About 70 per cent of the respondents expected good growth while 24 per cent felt coming year’s prospects were excellent. Only six per cent felt that they were not as good as last year.

On the scale of growth expected, 58 per cent of respondents revealed expectations of 20 to 30 per cent while about 27 per cent expected over 30 per cent jump. Around 15 per cent had expectations of recording only about 10 per cent or lower growth. Around 65 per cent of the respondents felt that the skyrocketing global oil prices had moderately affected exports from India. Yet, 74 per cent respondents felt India should be able to sustain about 24 per cent export growth in the current year, corresponding with the export growth last year. Majority of the exporters felt the Middle East remained a very good destination for Indian project exports. Though majority of exporters found no room to complain about the flexibility of Foreign Exchange Management Act (FEMA), some respondents suggested that transfer of goods to branch companies should be permitted and some simplification of the procedure with banks were needed.
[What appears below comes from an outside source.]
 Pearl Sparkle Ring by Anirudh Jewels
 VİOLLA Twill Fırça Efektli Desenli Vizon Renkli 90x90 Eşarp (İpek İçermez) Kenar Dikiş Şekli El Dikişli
The survey also highlighted the urgent need for improving facilities at the ports and airports for faster domestic movement of goods, rigorous efforts to reduce turnaround time for vessels and acceptance of transit bonds at airports for export oriented units. Urging speeding clearance of differences between the Director General of Foreign Trade (DGFT) and Revenue/Customs departments on implementation of various export promotion schemes at ground level, the survey stated this was required to clear some of the obstacles faced. The difference between the two authorities on the promotion schemes “has led to exporters facing obstacles in furthering their business interests. This could also undermine their global competitiveness if the problem persists in the foreseeable future.”